*What the task asks*: The copy you give must match the listing below exactly and contain no pictures.

##### Available data #####

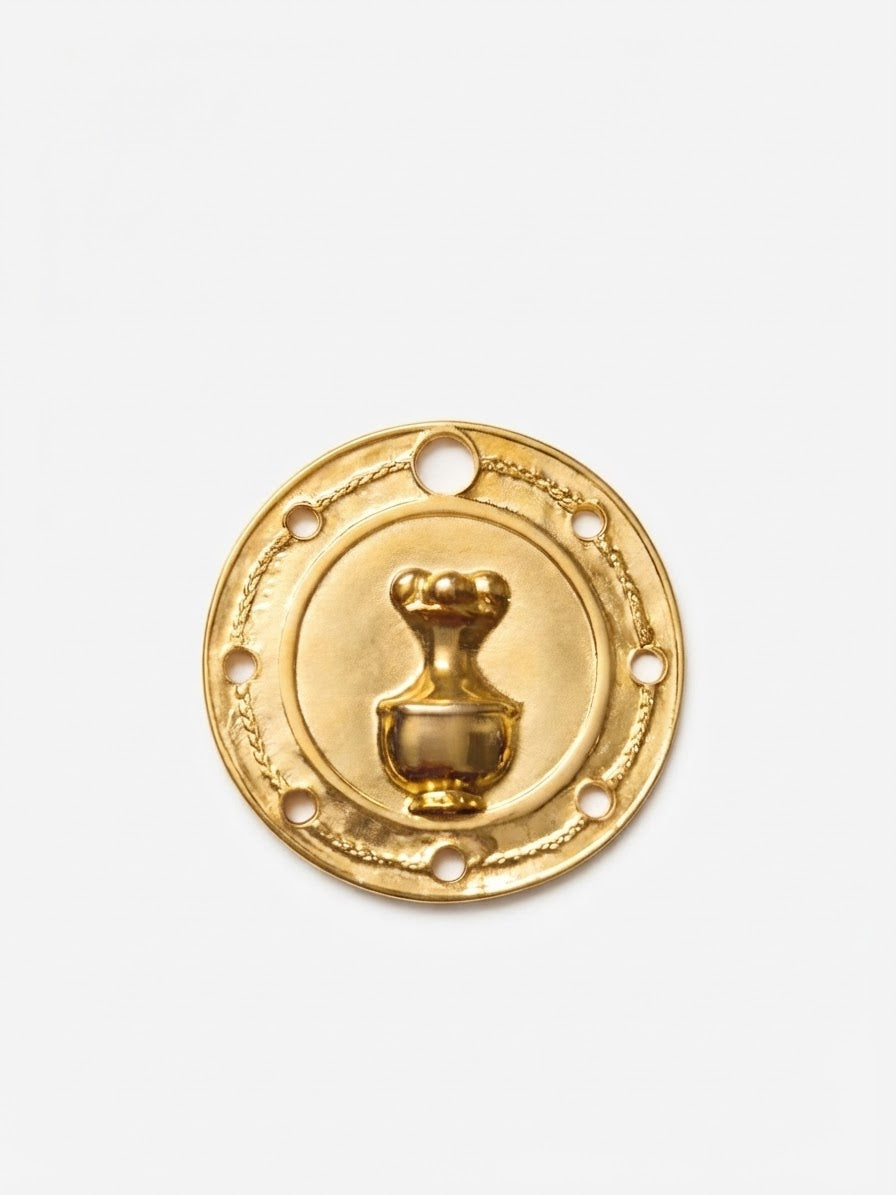 Medallón Poporo Pieza Precolombina Oro 45mm
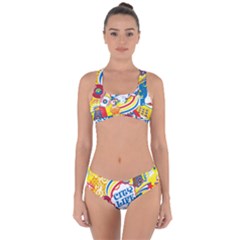 Colorful City Life Horizontal Seamless Pattern Urban City Criss Cross Bikini Set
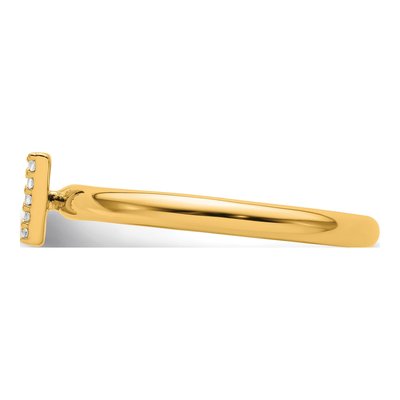 14K Yellow Gold 1/20 ct tw Diamond Stackable Initial V Ring – view 3
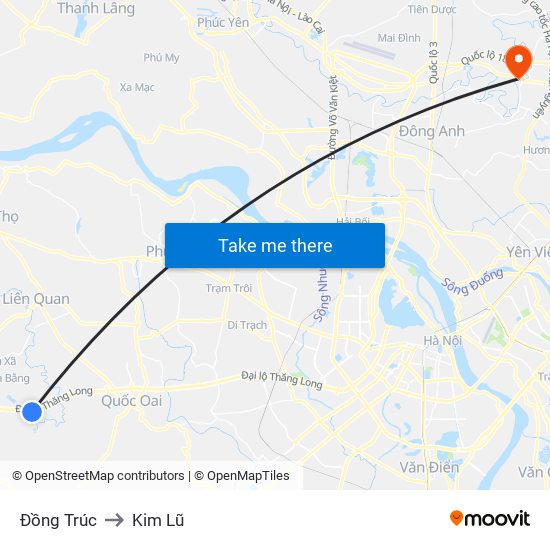 Đồng Trúc to Kim Lũ map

#####

*Task solution*:
 Medallón Poporo Pieza Precolombina Oro 45mm
 Colorful City Life Horizontal Seamless Pattern Urban City Criss Cross Bikini Set
 14K Yellow Gold 1/20 ct tw Diamond Stackable Initial V Ring – view 3
 Đồng Trúc to Kim Lũ map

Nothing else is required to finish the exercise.